Way to rain on my parade....after solving this problem I was going to work on World hunger next!


----------



## xnappo (Jun 3, 2017)

You probably already saw in the other thread, but I already fixed all the phones.




  








Phonecard




__
xnappo


__
Jul 28, 2018


----------



## garsh (Apr 4, 2016)

There's an old thread where I think I found the smallest Android phone that has all the features required to run the Tesla app and function as a Model 3 key.



garsh said:


> The Unihertz Jelly Pro runs Android 7, so good for future-proofing, but is a bit pricier at $125.
> The reviews on Amazon are overwhelmingly positive.
> It supports Bluetooth 4.0, but sounds like it does not implement the LE part.
> Has 2GB ram, and 16GB storage, so that meets my minimum suggested criteria for a phone.
> ...


----------



## Chris350 (Aug 8, 2017)

Funny observation.... I have always had issues listening to to my phone via BT using BT headphones when my phone is in my back pants pocket.

Never have this problem when it's in the front pants pocket...

So today.... I test my theory... at least for me..... When the phone is in my back pocket when I approach the car.... It unlocks about 50% of the time..... If I am holding the phone or it's in my front pocket, it unlocks everytime.... Strange...


----------



## garsh (Apr 4, 2016)

Chris350 said:


> Funny observation.... I have always had issues listening to to my phone via BT using BT headphones when my phone is in my back pants pocket.
> 
> Never have this problem when it's in the front pants pocket...
> 
> So today.... I test my theory... at least for me..... When the phone is in my back pocket when I approach the car.... It unlocks about 50% of the time..... If I am holding the phone or it's in my front pocket, it unlocks everytime.... Strange...
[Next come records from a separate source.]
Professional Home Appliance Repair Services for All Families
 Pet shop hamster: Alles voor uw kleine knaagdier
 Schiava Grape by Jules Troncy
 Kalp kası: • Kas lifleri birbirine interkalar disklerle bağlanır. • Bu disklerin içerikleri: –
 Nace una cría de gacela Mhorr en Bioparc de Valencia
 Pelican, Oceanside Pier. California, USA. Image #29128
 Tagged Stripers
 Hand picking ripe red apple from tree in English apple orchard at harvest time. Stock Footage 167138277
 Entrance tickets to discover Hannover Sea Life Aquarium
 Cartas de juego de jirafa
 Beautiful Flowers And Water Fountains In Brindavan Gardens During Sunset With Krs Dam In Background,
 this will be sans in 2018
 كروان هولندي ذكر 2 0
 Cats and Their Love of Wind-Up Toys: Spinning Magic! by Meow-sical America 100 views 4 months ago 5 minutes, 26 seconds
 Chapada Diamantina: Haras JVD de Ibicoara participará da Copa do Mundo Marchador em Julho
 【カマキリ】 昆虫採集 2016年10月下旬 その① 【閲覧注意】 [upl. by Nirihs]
Just how big is your butt?









(I kid! I kid!)


----------



## MelindaV (Apr 2, 2016)

garsh said:


> Just how big is your butt?
> 
> 
> 
> ...


Or buns of steel...


----------



## JWardell (May 9, 2016)

Bluetooth has an incredibly hard time going through your body. Especially if there is a lot of other 2.4GHz bluetooth and wifi networks adding noise. Just a few days ago I was working on the car with my phone in one pocket and speaker in the other, and it had constant dropouts, and was fine once I moved it a few inches forward. Plus they have pulled back the signal strength needed to unlock the car so there are not so many unintentional unlocks.
Phone unlocking has worked perfectly for me, it's always just transparent. But I keep my phone in my front pocket


----------



## slacker775 (May 30, 2018)

JWardell said:


> Phone unlocking has worked perfectly for me, it's always just transparent. But I keep my phone in my front pocket


Ditto. I'm on an iPhone 7 Plus (IOS 11.4.1), phone always in a front pocket and I've never had an issue *knock on wood*. My phone is not connected to 2700 other peripherals like speakers, headphones, watches, etc so there isn't any 'competition' either.


----------



## scaots (Sep 13, 2017)

garsh said:


> The Unihertz Jelly Pro runs Android 7, so good for future-proofing, but is a bit pricier at $125.
> The reviews on Amazon are overwhelmingly positive.
> It supports Bluetooth 4.0, but sounds like it does not implement the LE part.
> Has 2GB ram, and 16GB storage, so that meets my minimum suggested criteria for a phone.
> ...


I actually have one of these. Mostly thought it was an interesting novelty. Probably needs charged, but maybe i can test it sometime. Some Android applications have issues with such low screen resolutions, though I think this is within Android spec so should work if they designed the app to follow all guidelines (which is a big if).


----------



## quadmasta (Jul 24, 2018)

When talking about RF stuff and transmission through a human just think of the human as a large bag of water. To an RF device that's all you are.


----------



## John (Apr 16, 2016)

Okay, this thread explains why my phone ALWAYS works as a key, no matter which pocket it's in.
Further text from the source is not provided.